Data shown:
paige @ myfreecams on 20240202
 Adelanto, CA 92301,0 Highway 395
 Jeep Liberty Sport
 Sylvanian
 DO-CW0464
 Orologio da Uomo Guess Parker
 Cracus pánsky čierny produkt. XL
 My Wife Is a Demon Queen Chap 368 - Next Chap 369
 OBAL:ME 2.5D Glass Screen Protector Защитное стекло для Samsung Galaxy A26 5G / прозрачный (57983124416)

Problem statement:
Nothing but the lines from the one containing "Orologio da Uomo Guess Parker" to the end of the entries belongs in the answer, and each must match exactly.

Written answer:
 Orologio da Uomo Guess Parker
 Cracus pánsky čierny produkt. XL
 My Wife Is a Demon Queen Chap 368 - Next Chap 369
 OBAL:ME 2.5D Glass Screen Protector Защитное стекло для Samsung Galaxy A26 5G / прозрачный (57983124416)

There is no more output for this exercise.